A Spectral Perspective towards Understanding and Improving Adversarial Robustness
This work addresses the critical issue of adversarial robustness in deep learning, offering an incremental improvement in defense mechanisms for security-sensitive applications.
The paper tackles the problem of deep neural networks' vulnerability to adversarial attacks by investigating adversarial training from a spectral perspective, showing it focuses on low-frequency regions for robustness and proposing a spectral alignment regularization that improves robust accuracy by 1.14% to 3.87% relative to standard adversarial training across multiple datasets and attacks.
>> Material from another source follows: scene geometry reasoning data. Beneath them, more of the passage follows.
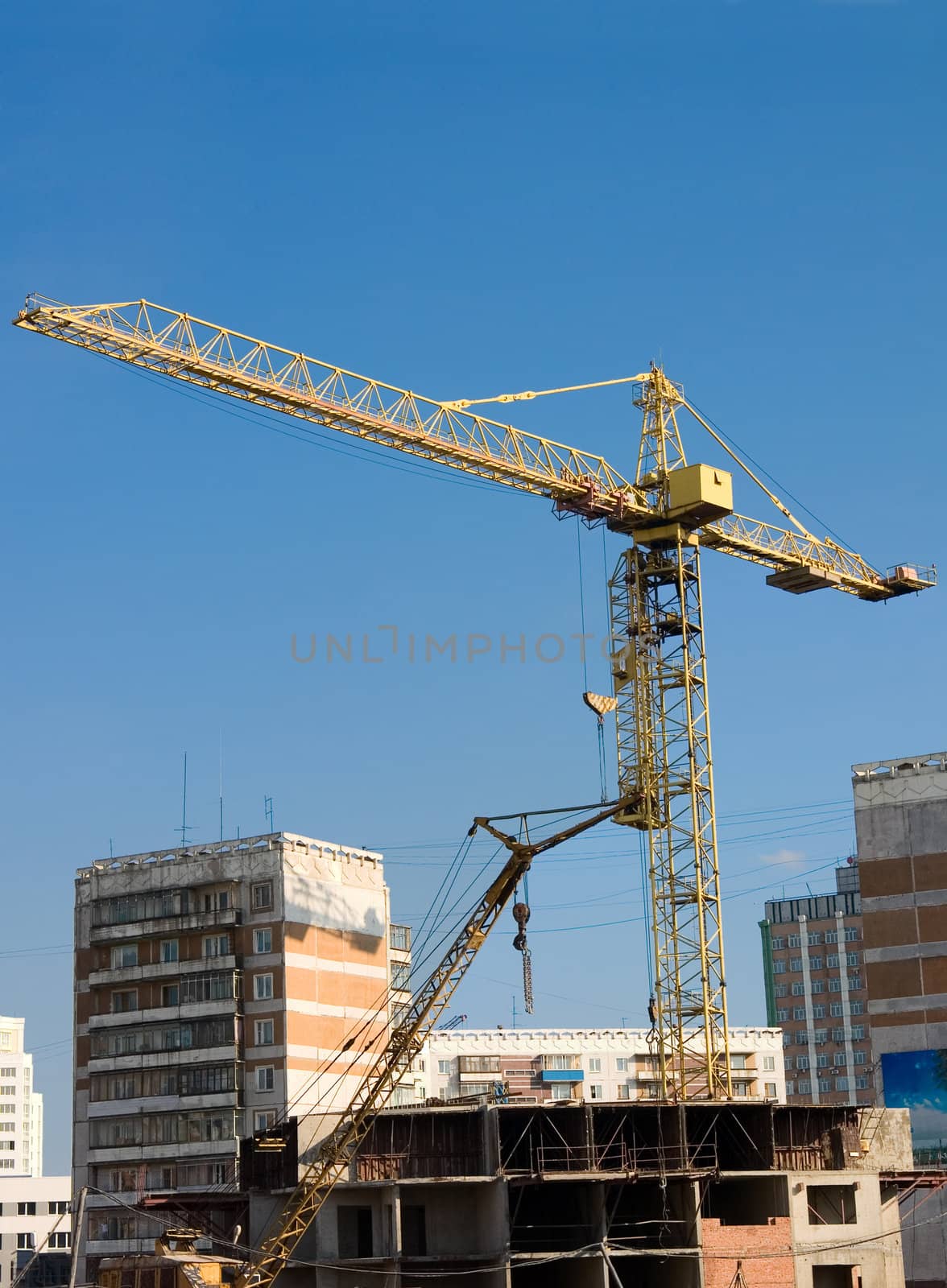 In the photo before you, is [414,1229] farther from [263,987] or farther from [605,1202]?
[263,987]

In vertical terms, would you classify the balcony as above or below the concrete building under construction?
above

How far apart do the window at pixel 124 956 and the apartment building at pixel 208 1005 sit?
0.49 ft

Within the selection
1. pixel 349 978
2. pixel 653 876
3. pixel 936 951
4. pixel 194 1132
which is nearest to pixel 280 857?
pixel 349 978

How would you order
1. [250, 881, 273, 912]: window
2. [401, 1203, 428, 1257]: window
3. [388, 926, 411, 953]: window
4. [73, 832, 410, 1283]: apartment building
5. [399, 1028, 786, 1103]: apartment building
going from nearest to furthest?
[401, 1203, 428, 1257]: window < [73, 832, 410, 1283]: apartment building < [250, 881, 273, 912]: window < [388, 926, 411, 953]: window < [399, 1028, 786, 1103]: apartment building

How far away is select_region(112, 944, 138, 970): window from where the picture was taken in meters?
123

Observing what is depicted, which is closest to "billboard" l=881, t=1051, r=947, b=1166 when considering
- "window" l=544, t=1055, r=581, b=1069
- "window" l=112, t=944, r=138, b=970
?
"window" l=112, t=944, r=138, b=970

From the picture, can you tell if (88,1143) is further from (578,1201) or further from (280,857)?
(578,1201)

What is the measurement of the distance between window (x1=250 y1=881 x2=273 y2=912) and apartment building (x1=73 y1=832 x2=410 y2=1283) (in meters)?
0.11

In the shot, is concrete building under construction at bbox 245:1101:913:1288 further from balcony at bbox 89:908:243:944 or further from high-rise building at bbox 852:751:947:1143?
balcony at bbox 89:908:243:944

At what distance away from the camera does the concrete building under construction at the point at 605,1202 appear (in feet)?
245

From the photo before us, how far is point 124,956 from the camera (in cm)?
12331

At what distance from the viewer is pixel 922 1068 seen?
349 ft

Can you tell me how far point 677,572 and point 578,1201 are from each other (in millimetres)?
37024

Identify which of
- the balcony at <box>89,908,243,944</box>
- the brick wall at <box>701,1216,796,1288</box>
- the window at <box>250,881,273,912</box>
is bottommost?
the brick wall at <box>701,1216,796,1288</box> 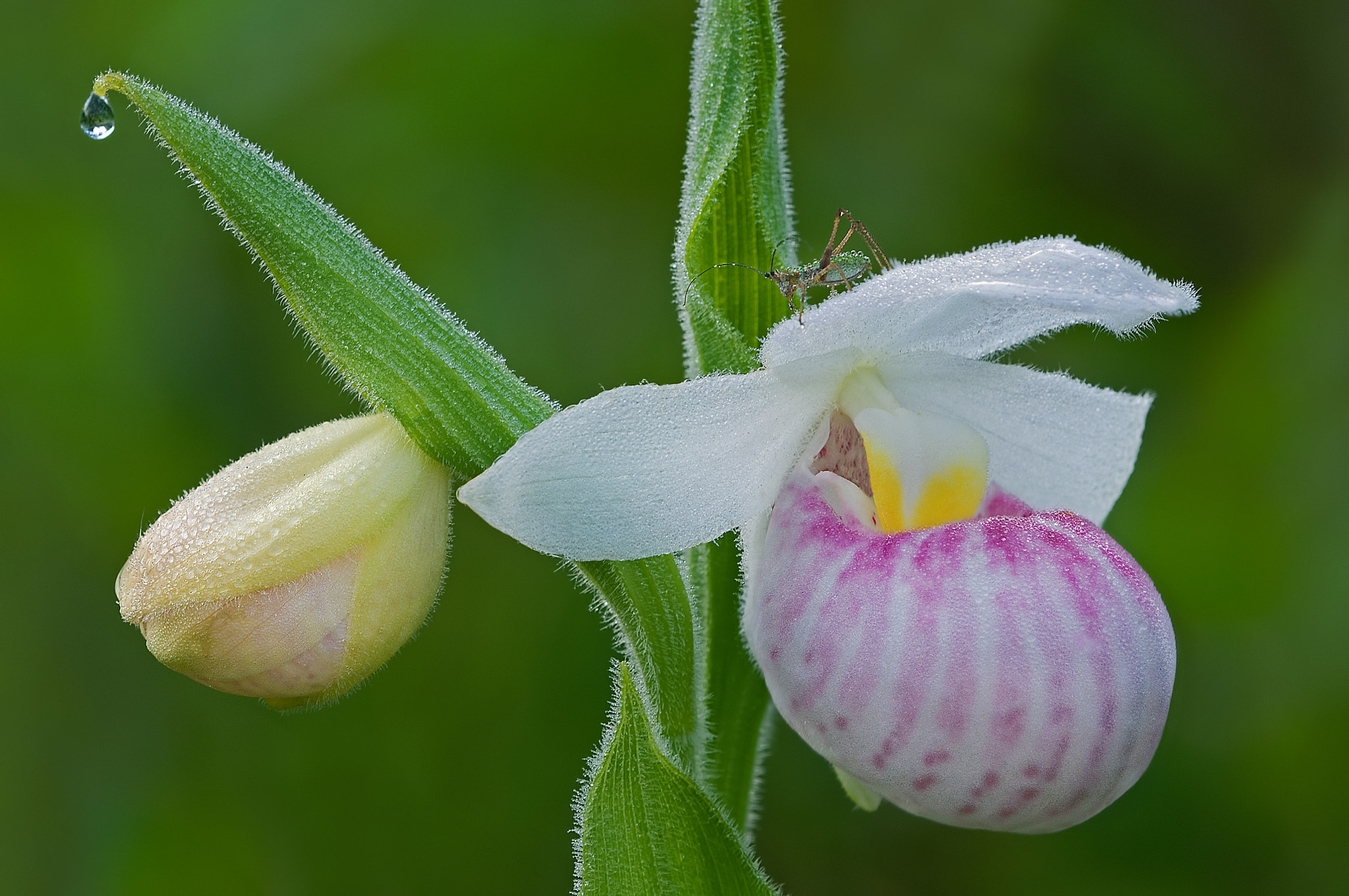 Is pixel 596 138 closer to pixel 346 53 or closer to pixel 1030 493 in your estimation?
pixel 346 53

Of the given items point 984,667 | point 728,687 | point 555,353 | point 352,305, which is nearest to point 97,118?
point 352,305

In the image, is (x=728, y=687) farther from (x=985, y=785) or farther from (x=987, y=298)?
(x=987, y=298)

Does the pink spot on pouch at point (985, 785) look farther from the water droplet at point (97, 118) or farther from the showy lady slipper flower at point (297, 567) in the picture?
the water droplet at point (97, 118)

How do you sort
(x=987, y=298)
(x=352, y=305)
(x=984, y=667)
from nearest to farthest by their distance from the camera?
(x=984, y=667)
(x=987, y=298)
(x=352, y=305)

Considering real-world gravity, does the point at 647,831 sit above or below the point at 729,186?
Result: below

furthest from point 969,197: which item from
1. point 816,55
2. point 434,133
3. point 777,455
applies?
point 777,455

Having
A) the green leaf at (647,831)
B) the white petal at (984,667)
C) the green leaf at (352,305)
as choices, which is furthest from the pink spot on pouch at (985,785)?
the green leaf at (352,305)

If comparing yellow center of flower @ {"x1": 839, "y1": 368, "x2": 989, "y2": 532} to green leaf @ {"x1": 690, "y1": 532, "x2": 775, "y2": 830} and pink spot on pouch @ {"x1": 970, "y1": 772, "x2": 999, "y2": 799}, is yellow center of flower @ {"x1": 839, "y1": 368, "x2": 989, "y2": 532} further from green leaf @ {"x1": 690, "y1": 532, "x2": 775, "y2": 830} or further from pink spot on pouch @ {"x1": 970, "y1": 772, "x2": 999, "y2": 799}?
pink spot on pouch @ {"x1": 970, "y1": 772, "x2": 999, "y2": 799}

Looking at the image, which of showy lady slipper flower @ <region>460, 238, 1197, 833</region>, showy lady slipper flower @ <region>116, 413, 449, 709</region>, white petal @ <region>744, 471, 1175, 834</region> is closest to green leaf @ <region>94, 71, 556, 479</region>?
showy lady slipper flower @ <region>116, 413, 449, 709</region> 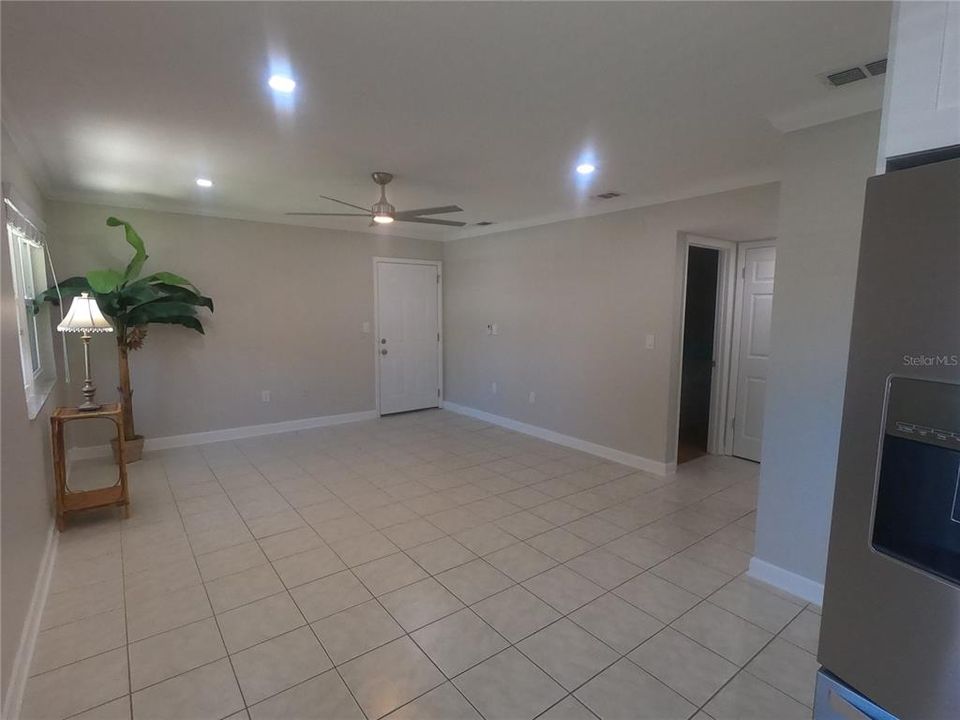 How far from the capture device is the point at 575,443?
16.2 ft

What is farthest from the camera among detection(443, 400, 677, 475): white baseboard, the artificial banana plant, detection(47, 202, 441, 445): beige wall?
detection(47, 202, 441, 445): beige wall

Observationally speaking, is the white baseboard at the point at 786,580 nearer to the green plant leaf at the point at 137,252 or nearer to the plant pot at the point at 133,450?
the plant pot at the point at 133,450

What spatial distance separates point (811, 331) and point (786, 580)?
1.33m

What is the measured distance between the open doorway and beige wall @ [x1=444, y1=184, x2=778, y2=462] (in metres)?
0.82

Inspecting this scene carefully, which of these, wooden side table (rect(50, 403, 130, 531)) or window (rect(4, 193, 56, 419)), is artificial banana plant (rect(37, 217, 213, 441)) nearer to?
window (rect(4, 193, 56, 419))

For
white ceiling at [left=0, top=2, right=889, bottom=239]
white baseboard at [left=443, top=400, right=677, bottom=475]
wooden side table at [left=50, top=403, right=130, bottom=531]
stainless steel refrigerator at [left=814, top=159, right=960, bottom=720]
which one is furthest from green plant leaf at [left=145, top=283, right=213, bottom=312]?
stainless steel refrigerator at [left=814, top=159, right=960, bottom=720]

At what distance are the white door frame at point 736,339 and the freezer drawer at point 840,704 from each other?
4.14 meters

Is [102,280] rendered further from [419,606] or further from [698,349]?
[698,349]

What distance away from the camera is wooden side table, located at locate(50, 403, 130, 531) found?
9.79ft

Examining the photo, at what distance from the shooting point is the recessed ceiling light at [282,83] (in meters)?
2.05

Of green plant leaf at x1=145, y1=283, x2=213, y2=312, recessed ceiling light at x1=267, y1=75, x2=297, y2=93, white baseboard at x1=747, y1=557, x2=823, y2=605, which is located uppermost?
recessed ceiling light at x1=267, y1=75, x2=297, y2=93

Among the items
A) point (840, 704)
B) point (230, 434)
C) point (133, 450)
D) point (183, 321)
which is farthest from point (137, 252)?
point (840, 704)

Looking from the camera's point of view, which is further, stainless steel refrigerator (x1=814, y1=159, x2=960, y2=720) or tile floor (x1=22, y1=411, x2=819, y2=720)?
tile floor (x1=22, y1=411, x2=819, y2=720)

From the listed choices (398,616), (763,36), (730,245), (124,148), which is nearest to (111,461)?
(124,148) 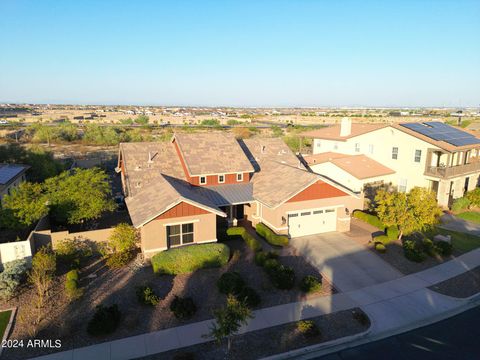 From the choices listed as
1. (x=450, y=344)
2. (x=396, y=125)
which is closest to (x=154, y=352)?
(x=450, y=344)

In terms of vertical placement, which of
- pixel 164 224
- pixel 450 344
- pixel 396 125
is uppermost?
pixel 396 125

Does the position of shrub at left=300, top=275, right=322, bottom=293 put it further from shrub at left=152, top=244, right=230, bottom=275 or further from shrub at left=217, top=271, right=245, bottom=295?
shrub at left=152, top=244, right=230, bottom=275

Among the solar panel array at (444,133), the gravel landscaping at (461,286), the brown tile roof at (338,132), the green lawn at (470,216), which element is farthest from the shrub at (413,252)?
the brown tile roof at (338,132)

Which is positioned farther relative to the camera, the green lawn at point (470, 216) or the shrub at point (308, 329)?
Answer: the green lawn at point (470, 216)

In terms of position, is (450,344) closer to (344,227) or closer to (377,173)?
(344,227)

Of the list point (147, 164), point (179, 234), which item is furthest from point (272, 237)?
point (147, 164)

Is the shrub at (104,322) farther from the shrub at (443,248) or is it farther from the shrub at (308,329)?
the shrub at (443,248) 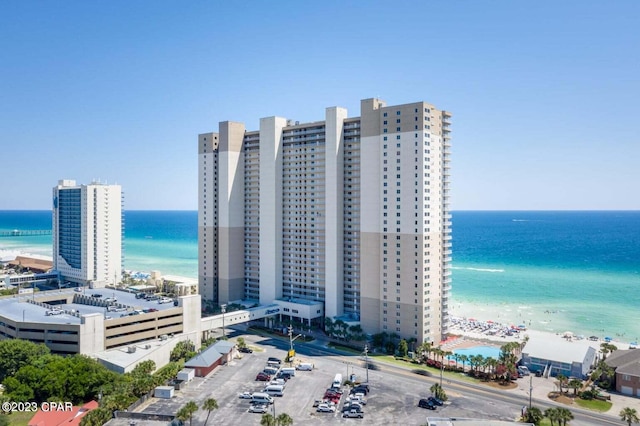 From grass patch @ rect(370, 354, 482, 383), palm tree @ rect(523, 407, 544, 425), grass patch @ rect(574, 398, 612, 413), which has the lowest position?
grass patch @ rect(574, 398, 612, 413)

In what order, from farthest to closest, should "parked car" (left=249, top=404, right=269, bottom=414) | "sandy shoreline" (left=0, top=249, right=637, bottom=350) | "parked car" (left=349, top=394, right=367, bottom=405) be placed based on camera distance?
"sandy shoreline" (left=0, top=249, right=637, bottom=350) < "parked car" (left=349, top=394, right=367, bottom=405) < "parked car" (left=249, top=404, right=269, bottom=414)

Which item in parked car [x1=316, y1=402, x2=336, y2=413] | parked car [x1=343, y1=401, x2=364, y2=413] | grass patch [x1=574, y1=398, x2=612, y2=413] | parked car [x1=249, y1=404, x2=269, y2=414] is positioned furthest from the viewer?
grass patch [x1=574, y1=398, x2=612, y2=413]

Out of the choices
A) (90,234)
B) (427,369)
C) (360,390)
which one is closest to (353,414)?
(360,390)

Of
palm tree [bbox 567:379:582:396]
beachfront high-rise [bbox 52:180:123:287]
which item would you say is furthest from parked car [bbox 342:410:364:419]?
beachfront high-rise [bbox 52:180:123:287]

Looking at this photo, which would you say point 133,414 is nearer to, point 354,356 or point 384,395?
point 384,395

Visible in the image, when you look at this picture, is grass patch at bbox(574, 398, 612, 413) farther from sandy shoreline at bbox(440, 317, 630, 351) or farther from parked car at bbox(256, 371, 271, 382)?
parked car at bbox(256, 371, 271, 382)

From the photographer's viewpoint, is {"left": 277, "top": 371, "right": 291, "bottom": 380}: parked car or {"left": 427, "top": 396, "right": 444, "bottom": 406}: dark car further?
{"left": 277, "top": 371, "right": 291, "bottom": 380}: parked car

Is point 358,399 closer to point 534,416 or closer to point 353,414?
point 353,414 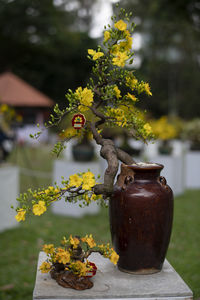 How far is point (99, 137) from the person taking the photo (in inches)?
85.6

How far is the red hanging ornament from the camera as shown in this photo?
79.7 inches

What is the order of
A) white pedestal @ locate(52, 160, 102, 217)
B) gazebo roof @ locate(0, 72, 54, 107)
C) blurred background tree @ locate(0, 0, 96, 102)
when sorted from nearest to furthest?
white pedestal @ locate(52, 160, 102, 217) < gazebo roof @ locate(0, 72, 54, 107) < blurred background tree @ locate(0, 0, 96, 102)

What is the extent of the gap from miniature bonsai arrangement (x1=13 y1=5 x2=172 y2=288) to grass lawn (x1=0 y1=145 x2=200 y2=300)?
1.13 meters

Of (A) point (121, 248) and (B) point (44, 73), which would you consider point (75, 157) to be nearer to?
(A) point (121, 248)

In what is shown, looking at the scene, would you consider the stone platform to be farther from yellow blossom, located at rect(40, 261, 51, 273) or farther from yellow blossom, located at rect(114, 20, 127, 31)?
yellow blossom, located at rect(114, 20, 127, 31)

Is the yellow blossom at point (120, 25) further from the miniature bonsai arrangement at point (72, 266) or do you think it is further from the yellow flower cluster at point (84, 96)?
the miniature bonsai arrangement at point (72, 266)

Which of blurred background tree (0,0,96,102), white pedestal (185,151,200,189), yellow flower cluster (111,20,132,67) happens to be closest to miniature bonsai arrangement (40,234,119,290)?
yellow flower cluster (111,20,132,67)

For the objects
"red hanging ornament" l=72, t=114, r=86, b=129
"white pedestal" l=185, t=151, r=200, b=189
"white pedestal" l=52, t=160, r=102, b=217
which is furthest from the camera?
"white pedestal" l=185, t=151, r=200, b=189

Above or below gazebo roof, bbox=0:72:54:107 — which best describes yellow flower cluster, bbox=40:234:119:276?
below

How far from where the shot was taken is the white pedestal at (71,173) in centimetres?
575

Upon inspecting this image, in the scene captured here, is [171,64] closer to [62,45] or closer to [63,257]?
[62,45]

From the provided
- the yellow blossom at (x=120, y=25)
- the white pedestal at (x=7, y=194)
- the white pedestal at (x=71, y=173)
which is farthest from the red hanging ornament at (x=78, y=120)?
the white pedestal at (x=71, y=173)

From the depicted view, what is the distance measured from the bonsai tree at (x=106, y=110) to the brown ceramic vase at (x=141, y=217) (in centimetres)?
9

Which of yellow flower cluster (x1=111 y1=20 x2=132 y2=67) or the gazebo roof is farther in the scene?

Deep neural networks (DNNs) are incredibly vulnerable to crafted, imperceptible adversarial perturbations. While adversarial training (AT) has proven to be an effective defense approach, the AT mechanism for robustness improvement is not fully understood. This work investigates AT from a spectral perspective, adding new insights to the design of effective defenses. In particular, we show that AT induces the deep model to focus more on the low-frequency region, which retains the shape-biased representations, to gain robustness. Further, we find that the spectrum of a white-box attack is primarily distributed in regions the model focuses on, and the perturbation attacks the spectral bands where the model is vulnerable. Based on this observation, to train a model tolerant to frequency-varying perturbation, we propose a spectral alignment regularization (SAR) such that the spectral output inferred by an attacked adversarial input stays as close as possible to its natural input counterpart. Experiments demonstrate that SAR and its weight averaging (WA) extension could significantly improve the robust accuracy by 1.14% ~ 3.87% relative to the standard AT, across multiple datasets (CIFAR-10, CIFAR-100 and Tiny ImageNet), and various attacks (PGD, C&W and Autoattack), without any extra data.